Lesson 5 In-Class Discussion ✅

saadorj · November 20, 2018, 4:07am

Weight Decay is different from Learning Rate / No of Epochs.
It’s a regularization coefficient (part of a regulartization term) that we add to the loss, as a penalty on the model. This penalty’s job is to control the complexity of the model (size of coeffs/number of coeffs in some cases) to encourage the model not to be over-complex and overfit (memorize) the training data.

lesscomfortable · November 20, 2018, 4:08am

Or no need for a AWS p3

champs.jaideep · November 20, 2018, 4:08am

any more likes to this…
THis can be a very useful thing where u have lot of noisy background not of your interest and very small area of pixels of our interest…just throwing my thought not sure if it can be done or not so seeking calrifications

Jaghachi · November 20, 2018, 4:09am

arnold needed to come to life. he expects nothing less than a p3.

devforfu · November 20, 2018, 4:09am

How wd parameter is related to L1/L2 regularization norm? From the formula that was shown, it looks like coefficient multiplied by L2, right?

sandeepsign · November 20, 2018, 4:10am

my question

sgugger · November 20, 2018, 4:10am

Almost, but not exactly the same thing, as explained in this article.
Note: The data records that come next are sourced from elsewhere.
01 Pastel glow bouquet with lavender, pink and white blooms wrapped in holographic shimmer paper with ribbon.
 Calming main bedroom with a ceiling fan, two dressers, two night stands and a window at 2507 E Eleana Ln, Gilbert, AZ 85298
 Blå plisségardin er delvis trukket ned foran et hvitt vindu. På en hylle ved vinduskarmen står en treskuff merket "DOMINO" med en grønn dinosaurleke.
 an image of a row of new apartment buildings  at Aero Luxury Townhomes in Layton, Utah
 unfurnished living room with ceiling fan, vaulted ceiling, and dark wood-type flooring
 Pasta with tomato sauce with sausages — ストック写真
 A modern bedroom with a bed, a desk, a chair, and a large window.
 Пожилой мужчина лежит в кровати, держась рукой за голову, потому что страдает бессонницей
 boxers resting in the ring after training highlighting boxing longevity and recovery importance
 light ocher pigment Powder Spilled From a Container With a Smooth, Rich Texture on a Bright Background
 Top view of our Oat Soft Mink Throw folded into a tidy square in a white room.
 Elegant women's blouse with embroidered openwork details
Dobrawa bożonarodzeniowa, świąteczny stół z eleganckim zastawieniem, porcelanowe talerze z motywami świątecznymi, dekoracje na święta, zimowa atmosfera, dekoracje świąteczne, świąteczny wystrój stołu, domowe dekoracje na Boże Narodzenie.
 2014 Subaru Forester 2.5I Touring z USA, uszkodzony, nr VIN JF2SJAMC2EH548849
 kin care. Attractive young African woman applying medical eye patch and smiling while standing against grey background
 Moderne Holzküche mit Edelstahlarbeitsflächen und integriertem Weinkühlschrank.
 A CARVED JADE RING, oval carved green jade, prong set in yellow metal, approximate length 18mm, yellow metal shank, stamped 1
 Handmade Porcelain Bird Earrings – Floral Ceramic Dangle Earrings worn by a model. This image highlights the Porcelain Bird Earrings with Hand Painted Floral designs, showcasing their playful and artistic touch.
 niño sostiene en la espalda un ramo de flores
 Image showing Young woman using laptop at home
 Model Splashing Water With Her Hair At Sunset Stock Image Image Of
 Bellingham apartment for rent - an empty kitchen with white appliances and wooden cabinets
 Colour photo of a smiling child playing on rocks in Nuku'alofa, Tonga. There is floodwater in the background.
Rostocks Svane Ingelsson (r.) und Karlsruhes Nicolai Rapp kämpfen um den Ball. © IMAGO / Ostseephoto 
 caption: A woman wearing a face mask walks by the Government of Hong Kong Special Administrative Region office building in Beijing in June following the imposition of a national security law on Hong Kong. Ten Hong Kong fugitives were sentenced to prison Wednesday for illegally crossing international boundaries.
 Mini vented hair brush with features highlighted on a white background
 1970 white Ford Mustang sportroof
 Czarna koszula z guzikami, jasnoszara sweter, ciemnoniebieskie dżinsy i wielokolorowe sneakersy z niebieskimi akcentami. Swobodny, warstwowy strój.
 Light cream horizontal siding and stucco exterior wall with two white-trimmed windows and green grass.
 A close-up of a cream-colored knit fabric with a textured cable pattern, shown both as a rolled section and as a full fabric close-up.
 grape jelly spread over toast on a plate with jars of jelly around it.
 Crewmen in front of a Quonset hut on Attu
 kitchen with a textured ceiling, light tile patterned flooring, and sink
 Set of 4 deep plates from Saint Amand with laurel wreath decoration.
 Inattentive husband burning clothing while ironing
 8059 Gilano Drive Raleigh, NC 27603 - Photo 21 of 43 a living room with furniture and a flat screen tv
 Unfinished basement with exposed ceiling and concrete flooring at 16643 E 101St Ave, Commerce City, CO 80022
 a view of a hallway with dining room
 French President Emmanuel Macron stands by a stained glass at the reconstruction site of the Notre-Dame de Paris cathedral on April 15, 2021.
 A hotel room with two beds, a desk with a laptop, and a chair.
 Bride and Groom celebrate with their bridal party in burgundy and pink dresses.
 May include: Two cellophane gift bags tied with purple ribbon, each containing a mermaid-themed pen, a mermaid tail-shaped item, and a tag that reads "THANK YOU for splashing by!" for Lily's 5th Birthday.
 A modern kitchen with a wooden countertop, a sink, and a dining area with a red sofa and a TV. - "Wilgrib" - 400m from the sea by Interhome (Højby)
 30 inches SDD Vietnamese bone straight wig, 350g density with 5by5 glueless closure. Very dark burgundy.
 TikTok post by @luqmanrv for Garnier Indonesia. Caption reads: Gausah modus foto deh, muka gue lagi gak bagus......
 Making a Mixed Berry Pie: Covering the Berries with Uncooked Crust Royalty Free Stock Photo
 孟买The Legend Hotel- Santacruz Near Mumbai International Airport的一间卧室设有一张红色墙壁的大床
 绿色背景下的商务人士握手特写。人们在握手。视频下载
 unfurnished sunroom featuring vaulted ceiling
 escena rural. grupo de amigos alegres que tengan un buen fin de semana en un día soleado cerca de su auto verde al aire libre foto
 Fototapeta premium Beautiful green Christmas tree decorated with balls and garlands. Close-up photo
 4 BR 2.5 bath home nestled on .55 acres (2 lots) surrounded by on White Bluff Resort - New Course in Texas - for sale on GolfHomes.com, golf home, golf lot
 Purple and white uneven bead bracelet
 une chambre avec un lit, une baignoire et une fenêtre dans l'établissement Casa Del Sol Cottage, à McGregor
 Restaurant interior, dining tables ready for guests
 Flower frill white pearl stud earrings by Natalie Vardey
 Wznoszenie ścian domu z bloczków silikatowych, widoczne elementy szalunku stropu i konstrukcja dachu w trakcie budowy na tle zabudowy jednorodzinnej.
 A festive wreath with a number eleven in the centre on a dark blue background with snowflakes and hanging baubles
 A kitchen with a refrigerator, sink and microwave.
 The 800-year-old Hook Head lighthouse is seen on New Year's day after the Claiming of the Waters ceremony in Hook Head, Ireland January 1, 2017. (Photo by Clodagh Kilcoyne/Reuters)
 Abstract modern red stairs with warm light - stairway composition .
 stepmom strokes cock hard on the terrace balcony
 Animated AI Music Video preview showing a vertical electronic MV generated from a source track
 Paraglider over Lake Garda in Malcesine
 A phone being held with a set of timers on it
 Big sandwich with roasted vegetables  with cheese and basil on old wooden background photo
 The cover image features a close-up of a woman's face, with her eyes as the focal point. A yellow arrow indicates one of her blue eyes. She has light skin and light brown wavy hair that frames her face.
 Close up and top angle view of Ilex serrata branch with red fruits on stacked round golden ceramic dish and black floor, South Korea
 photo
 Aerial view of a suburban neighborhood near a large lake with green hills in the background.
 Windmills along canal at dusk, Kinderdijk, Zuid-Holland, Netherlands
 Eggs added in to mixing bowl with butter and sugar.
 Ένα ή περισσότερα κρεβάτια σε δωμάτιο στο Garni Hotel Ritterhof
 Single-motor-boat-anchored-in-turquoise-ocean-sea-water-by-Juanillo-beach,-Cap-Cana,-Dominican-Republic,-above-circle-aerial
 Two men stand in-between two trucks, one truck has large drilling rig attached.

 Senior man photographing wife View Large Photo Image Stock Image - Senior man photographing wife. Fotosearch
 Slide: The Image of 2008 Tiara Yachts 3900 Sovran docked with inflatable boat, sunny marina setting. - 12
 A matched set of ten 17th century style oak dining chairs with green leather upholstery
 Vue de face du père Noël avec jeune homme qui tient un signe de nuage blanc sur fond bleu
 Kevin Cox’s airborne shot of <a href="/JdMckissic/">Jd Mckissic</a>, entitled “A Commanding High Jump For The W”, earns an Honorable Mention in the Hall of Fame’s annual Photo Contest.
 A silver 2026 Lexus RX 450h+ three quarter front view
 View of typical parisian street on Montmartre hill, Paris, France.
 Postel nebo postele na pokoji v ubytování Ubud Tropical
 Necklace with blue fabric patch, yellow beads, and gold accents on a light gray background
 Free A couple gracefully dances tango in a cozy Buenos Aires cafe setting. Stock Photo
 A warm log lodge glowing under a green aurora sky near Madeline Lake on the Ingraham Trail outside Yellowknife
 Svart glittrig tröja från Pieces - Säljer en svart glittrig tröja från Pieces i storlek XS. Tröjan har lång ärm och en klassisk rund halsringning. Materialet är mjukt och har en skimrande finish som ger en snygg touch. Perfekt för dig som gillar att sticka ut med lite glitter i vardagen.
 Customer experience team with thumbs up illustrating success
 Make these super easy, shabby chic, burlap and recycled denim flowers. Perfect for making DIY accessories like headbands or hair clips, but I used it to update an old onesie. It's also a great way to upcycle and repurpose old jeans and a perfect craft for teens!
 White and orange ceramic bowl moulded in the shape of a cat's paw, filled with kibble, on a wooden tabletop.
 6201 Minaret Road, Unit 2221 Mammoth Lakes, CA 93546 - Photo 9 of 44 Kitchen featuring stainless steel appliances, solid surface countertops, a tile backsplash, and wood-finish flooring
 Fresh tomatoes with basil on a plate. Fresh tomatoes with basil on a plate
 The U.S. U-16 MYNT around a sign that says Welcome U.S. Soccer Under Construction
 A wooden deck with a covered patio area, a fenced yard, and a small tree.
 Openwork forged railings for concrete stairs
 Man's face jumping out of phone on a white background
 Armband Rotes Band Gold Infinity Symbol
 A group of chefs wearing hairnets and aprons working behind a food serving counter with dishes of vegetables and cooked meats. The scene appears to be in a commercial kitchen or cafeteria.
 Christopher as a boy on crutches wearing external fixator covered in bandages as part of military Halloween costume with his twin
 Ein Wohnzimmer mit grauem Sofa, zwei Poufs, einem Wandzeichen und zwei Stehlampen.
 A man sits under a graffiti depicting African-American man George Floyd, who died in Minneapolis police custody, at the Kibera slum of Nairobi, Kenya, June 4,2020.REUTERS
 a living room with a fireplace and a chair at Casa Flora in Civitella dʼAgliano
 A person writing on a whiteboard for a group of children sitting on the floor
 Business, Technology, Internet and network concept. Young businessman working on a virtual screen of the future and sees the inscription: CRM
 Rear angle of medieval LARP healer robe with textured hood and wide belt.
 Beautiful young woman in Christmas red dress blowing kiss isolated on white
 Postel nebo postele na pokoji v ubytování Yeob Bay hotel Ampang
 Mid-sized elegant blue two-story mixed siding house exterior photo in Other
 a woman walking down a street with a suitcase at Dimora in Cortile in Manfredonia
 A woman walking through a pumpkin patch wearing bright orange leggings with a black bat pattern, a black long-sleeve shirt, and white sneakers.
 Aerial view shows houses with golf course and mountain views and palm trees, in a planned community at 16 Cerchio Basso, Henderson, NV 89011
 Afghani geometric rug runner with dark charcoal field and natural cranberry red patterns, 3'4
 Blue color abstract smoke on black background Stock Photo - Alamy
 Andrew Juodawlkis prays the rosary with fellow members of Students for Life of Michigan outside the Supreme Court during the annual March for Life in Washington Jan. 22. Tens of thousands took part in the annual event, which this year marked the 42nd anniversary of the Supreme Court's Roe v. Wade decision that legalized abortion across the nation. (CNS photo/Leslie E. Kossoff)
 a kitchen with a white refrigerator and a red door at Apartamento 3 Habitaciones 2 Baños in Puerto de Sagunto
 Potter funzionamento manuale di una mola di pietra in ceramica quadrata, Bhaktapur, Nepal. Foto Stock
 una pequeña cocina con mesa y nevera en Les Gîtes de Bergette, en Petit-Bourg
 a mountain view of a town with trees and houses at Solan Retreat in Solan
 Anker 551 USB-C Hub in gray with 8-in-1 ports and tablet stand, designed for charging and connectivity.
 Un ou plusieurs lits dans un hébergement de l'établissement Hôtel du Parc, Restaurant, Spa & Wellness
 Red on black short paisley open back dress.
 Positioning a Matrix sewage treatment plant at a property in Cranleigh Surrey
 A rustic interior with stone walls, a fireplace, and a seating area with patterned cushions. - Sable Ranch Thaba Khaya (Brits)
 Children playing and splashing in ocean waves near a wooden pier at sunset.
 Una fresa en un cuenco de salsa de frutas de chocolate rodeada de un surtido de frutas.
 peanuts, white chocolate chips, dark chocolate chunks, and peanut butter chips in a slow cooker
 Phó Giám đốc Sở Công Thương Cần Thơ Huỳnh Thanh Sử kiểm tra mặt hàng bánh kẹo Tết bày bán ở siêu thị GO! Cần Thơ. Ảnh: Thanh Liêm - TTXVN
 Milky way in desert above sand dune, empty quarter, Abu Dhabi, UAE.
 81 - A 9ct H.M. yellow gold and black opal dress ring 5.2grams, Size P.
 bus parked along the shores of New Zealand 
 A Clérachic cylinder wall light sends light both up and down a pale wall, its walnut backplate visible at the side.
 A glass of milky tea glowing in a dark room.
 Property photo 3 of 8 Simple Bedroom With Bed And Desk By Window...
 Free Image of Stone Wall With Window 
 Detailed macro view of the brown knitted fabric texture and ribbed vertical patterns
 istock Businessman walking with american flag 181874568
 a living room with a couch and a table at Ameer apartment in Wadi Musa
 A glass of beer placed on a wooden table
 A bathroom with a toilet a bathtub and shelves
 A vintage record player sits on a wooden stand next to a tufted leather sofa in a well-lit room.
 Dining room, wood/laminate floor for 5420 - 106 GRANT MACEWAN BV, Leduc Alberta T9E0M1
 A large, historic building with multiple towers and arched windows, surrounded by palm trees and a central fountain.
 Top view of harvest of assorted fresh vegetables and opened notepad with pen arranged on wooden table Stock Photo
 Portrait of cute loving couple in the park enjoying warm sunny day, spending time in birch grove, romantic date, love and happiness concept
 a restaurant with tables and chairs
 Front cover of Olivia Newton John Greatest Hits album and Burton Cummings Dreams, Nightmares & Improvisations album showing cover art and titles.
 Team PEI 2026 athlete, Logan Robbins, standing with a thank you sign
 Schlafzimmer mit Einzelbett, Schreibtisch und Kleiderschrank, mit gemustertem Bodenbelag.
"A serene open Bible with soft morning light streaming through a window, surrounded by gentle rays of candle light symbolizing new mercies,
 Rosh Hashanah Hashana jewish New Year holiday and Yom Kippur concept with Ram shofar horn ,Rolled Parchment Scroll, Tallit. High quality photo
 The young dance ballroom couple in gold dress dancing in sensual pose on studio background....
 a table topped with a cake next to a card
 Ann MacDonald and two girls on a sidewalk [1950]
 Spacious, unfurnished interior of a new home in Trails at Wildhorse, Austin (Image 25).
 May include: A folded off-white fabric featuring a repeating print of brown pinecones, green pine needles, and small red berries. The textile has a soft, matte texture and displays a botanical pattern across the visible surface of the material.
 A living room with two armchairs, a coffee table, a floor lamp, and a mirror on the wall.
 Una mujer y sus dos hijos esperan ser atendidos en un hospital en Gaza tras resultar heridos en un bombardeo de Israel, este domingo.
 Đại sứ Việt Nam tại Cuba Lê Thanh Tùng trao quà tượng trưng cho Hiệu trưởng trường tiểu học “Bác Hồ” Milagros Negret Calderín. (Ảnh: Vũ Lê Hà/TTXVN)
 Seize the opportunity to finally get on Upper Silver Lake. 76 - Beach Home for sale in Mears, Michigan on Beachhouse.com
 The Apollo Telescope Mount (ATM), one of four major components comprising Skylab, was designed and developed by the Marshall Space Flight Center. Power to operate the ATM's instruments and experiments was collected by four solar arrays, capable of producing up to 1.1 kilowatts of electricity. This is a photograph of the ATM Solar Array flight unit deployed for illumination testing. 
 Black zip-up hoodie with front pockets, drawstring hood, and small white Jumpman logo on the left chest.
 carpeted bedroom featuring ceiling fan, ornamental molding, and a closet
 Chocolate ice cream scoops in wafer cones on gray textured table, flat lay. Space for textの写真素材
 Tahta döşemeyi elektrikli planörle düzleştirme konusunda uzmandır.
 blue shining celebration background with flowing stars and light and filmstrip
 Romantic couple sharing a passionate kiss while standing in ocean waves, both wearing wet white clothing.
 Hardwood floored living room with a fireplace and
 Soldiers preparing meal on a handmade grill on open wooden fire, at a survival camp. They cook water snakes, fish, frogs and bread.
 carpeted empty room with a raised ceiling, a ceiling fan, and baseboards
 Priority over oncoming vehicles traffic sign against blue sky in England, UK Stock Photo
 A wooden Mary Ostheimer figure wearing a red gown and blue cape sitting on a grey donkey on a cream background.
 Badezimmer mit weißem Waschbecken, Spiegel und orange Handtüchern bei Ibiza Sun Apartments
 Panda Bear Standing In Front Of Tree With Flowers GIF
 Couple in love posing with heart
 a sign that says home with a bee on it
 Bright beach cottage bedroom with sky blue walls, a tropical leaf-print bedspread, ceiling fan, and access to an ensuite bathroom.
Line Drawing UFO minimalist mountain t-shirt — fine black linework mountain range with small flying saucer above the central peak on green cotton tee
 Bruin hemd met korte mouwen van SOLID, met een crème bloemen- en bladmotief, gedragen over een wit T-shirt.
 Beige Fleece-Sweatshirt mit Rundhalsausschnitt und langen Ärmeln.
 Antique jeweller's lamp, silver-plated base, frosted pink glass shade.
ritika26 · November 20, 2018, 4:10am

I have read this DLCV book . It is mentioned there. Screenshot attached

Even · November 20, 2018, 4:10am

I have a weight decay question…

Does the amount of weight decay increase proportionally to the size of the network? i.e. will a network with more parameters have more weight decay, and do you need to think about that when you specify it?

rachel · November 20, 2018, 4:11am

PCA can be applied to image data. There are some examples in the computational linear algebra course, for instance, using PCA to identify the foreground vs. background in a video.

lesscomfortable · November 20, 2018, 4:11am

No it doesn’t. Weight decay applies to each specific weight when updating so it is agnostic to the number of parameters.

sgugger · November 20, 2018, 4:11am

That’s not the same thing, it’s a parameter that reduces the learning rate over time.

jcatanza · November 20, 2018, 4:11am

A larger batch will yield more accurate (less noisy) weight updates. The tradeoff is you get fewer weight updates per epoch. On the other hand, a small batch will yield noisier updates, but you get more updates per epoch.

saadorj · November 20, 2018, 4:11am

wd plays the same role in L1/L2 regularization norm. The difference is in the summation of the weights - which is multiplied by wd - (L1 -> sums absolute values of weights while L2 -> sums square values of weights).

KarlH · November 20, 2018, 4:12am

That’s learning rate decay, which is different from weigh decay. Learning rate decay is reducing the learning rate over several epochs. Weight decay affects the update of parameters during back propagation.

ritika26 · November 20, 2018, 4:12am

Okay. Thanks for clearing the difference

PierreO · November 20, 2018, 4:13am

Is something like “differential weight decay” like we do for learning rates make any sense ?

lesscomfortable · November 20, 2018, 4:14am

Definitely. Leslie Smith is working on it, please check my previous post’s link.

Jaghachi · November 20, 2018, 4:14am

nice! this is the type of explanation i was looking for!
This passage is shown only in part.